Sven Wunder, Principal Scientist at the European Forest Institute’s Mediterranean Facility (EFIMED), warns that “moving to a ‘full world’ scenario also means multiplying these externalities” and their influence on global ecosystems. The SINCERE project, coordinated by EFI and in which Wunder is a research partner, focuses on developing innovative mechanisms to better take into account such externalities, including novel policies and business models, to enhance forest ecosystem services in ways that benefit forest owners, as well as serving broad societal needs. “Putting a generic value on these services, however, is not enough”, Wunder argues. “For many years now, we have had economic valuation exercises to demonstrate to decision-makers that these services are valuable. But we also need innovative mechanisms so that money actually comes to change hands, providing tangible incentives to landowners to manage their resources in environmentally more benign ways”.

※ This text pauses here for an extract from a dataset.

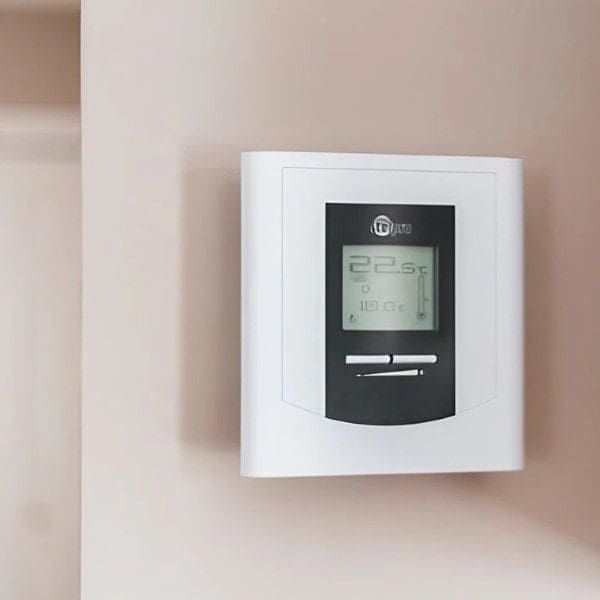 Wall Mounted Digital Thermostat in a Room A wall-mounted digital thermostat on the side of a room, allowing for temperature control and monitoring of the indoor environment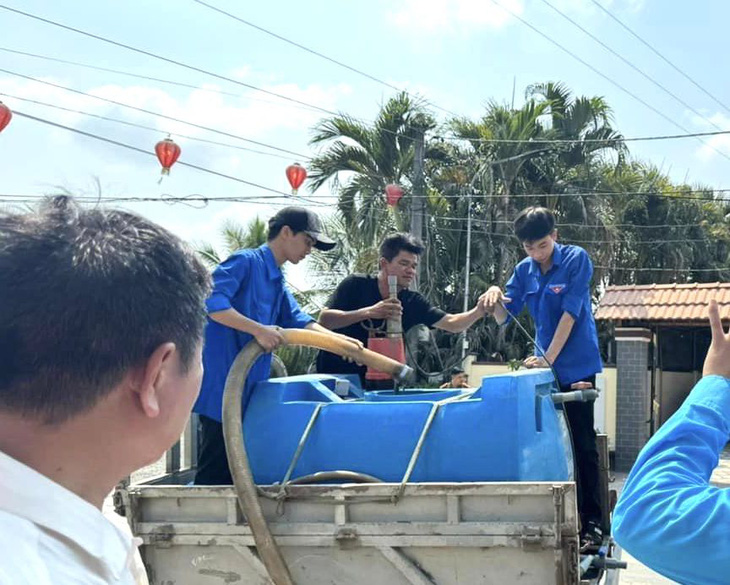 Lực lượng thanh niên địa phương hỗ trợ chuyển nước từ xe bồn xuống cho người dân - Ảnh: THẢO CHI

One of these innovative mechanisms, the concept of payments for ecosystem services (PES), lays at least part of the foundation for the kind of large-scale, transformational change invoked by the IPBES report. PES target key services provided by ecosystems that are not currently sold in the marketplace and introduce transactions that provide financial compensation for the supply of these services. For Wunder, this mechanism represents one potential means of addressing the dangers of increasing global demand, pointing out that “payments for ecosystem services have mushroomed in many regions of the world because they are specifically designed to deal with these externalities.” The challenge, however, is to make people pay for global environmental services and assets, such as biodiversity conservation, when instead they may try to free-ride on the payment of others. “For lower-scale services, such as watershed protection, we have seen a much more dynamic expansion in PES: it is usually easier to agree among water users than biodiversity users that everyone benefitting should pay”, concludes Wunder.
Díaz, Settele, and Brondízio agree, stating in their summary that “the widespread internalisation of environmental impacts, including externalities associated with long-distance trade, is considered both an outcome and a constituent of global and national sustainable economies”. While growing populations and economies result in complicated demands on the Earth’s resources, multifunctional ecosystems can be managed to provide a wide variety of ecological, social and economic benefits. SINCERE works at the juncture of these global changes, pushing a new paradigm that proposes concrete, transformative solutions, which can be pieces in the puzzle of how to better protect the Earth’s resources.